How Do Dump Truck Owners Make Money?
Dump truck owners generally make money by collecting fees for loads they move. Loads can include garbage or other waste (if you service the waste management industry or want to help individual residents get rid of their junk), coal (if you are working the mining industry), or gravel, sand, dirt, and other construction-related materials (if you are working in the construction space).
What are Typical Load Rates for Dump Trucks?
You will often see dump truck companies charging by the hour, especially for construction-related loads. Load rates will vary, but typically range from $70 to $120 per hour. Alternatively, you can charge by weight (tonnage) or a flat fee for the load (residential customers sometimes prefer a fixed fee for the entire load).
Rates will vary by region, so if you want to get a more accurate picture of what load rates will be for your area, call local dump truck companies and ask for quotes. You will get a pretty good sense of the market just with this simple step.
Is a Dump Truck Business Profitable?
Now that we have covered how dump truck businesses make money, let's turn to whether this type of business can be profitable.
How Much Do Dump Truck Owners Make?
According to Payscale, a dump truck owner-operator can make between $39,000 to $200,000, with the average base compensation landing at $97,174. I have to admit, that's a large range and there are a lot of factors that can affect how much you make, including the location you service (some regions are more suited to dump truck businesses, such as those located close to mining operations, areas that are experiencing a boom in construction activities, etc.)
How Much Does it Cost to Start a Dump Truck Business?
Starting a dump truck business can be expensive, with the largest initial expense coming from the actual cost of your dump truck. A new dump truck starts at approximately $100,000, but can often cost around $150,000. Higher-end models (e.g., Kenworth) can start at $180,000 or more. Source
A used dump truck will be much cheaper, with prices ranging from as low as $15,000 to $100,000. Source
Fortunately, there are both financing and leasing options available that can help with the initial purchase costs. Below is a list of companies that will offer financing for your new or used dump truck (many also offer leasing programs too). You will find companies below that offer no down payment options, even for start-ups.
Financing For New Dump Trucks
Financing For Used Dump Trucks
Of course, buying the truck is not the only cost in starting your dump truck business (although it is far and away the biggest cost). You will also need to spend some money on branding (e.g., vinyl lettering on your truck), marketing (especially if you use paid advertising channels), costs of setting up your business entity, as well as costs for getting required licenses, permits, registrations, etc.
However, all of these costs should not really cost much more than a few thousand dollar combined.
How Hard Is It To Start a Dump Truck Business?
Starting a dump truck business can be challenging because you will need to meet some very specific (and potentially expensive) requirements, such as buying or leasing a dump truck, getting proper licensing (including getting a Commercial Driver's License (CDL) if you are going to be an owner operator), finding profitable loads, and hiring and managing drivers (if you plan on growing your business).

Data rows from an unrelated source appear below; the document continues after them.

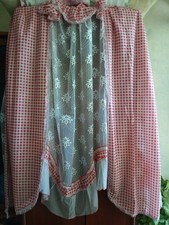 Vintage White Net/Lace Type Frilled Curtain with Checked Side/Valance Curtain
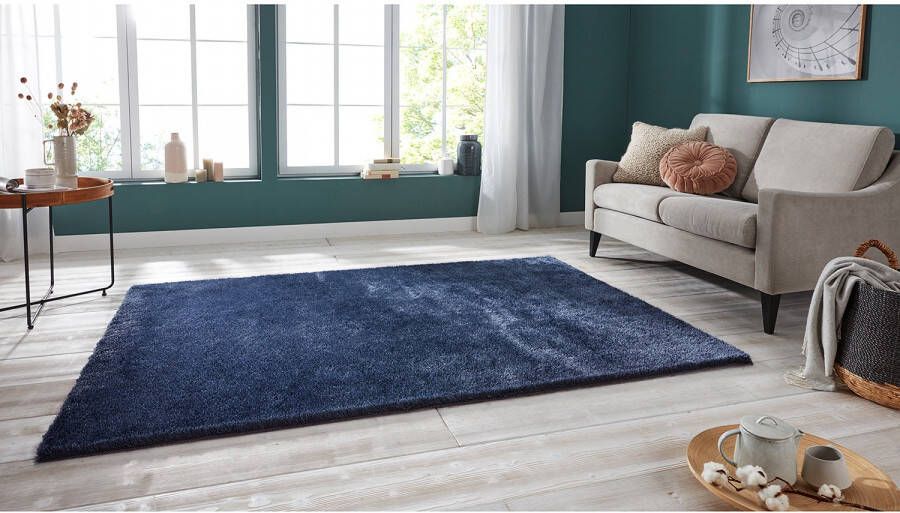 Tapeso Handgetuft hoogpolig vloerkleed Supersoft marineblauw 160x230 cm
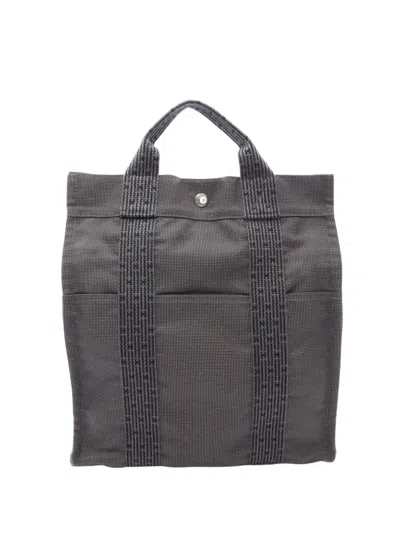 Pre-owned Hermes 1990-2010 Canvas Herline Mm Backpack In Grey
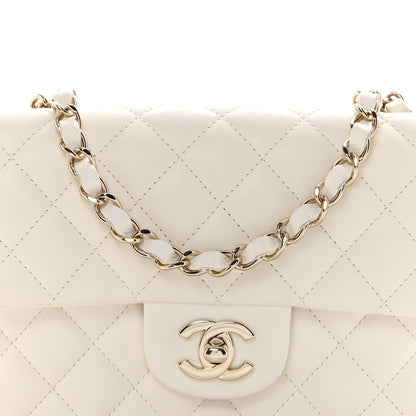 Lambskin Quilted Mini Rectangular Flap White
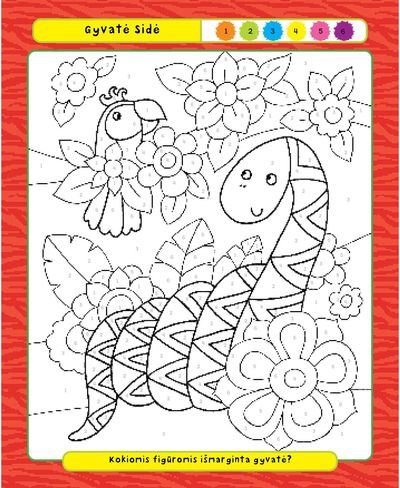 Laukinės džiunglės. Spalvink pagal skaičius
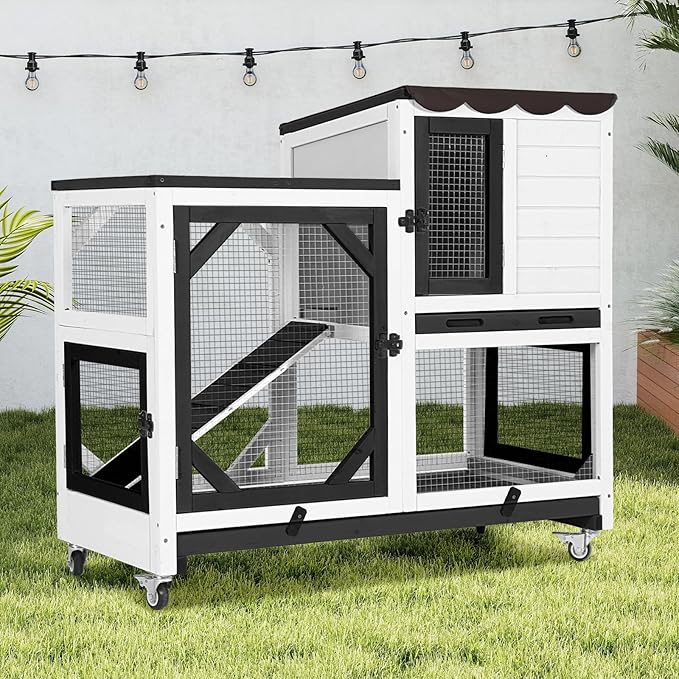 Gutinneen 2-Story Rabbit Hutch Bunny cage Wooden Rabbit Cage Indoor/Outdoor with Chew-Proof Ramp, 2 Leak-Proof Pull-Out Trays, Lockable Wheels for Rabbits, Guinea Pigs, Small Animals (Black and White)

On top of that, you will need to navigate all of the legal, financial, operational, marketing and other requirements involved with creating a new business in general.
But don't let that get in your way.
With the right information, you can get your dump truck business off the ground and begin your journey as a successful small business owner. On that note, let's dive into the meat of the article, which is the step-by step guide to starting a dump truck business.
Step 1: Avoid Disaster and Research the Market First
The first thing you want to do is make sure that there is enough market demand to support your dump truck business. You don't want to dive in blind. If you do, you might spend a lot of time and money pursuing a business idea that is unworkable because the market is too small, too competitive or in a state of decline.
Identify Your Market
The first step is accurately identifying your market. You need to know who your customers are and whether there are enough of them to support your business.
Try to imagine your target customer. Are you going to pursue residential contracts? Then you will want to know the demographics of residents in your area (e.g., are they mostly homeowners who have money? Is the area's population growing? etc.).
Will you be offering your service to local builders in your area? Do you prefer to offer your services to cities and counties? Mining operations?
If you have a clear picture of your business, it should not be hard to figure out who your target customer is.
Armed with that knowledge, start looking into whether there would be room for another player to enter into the dump truck space. Talk to people already working in the industry in your area, engage with potential customers and see if their needs are currently being met and what would compel them to move to another provider of dump truck services.
Do your competitors seem to be thriving? Are people entering into this business and shutting down quickly or do they tend to survive? I know you may be excited and anxious to get started, but a little patience and research can save you a lot of time, money and regret down the road.
Conduct Competitive Analysis
You also want to research the competition.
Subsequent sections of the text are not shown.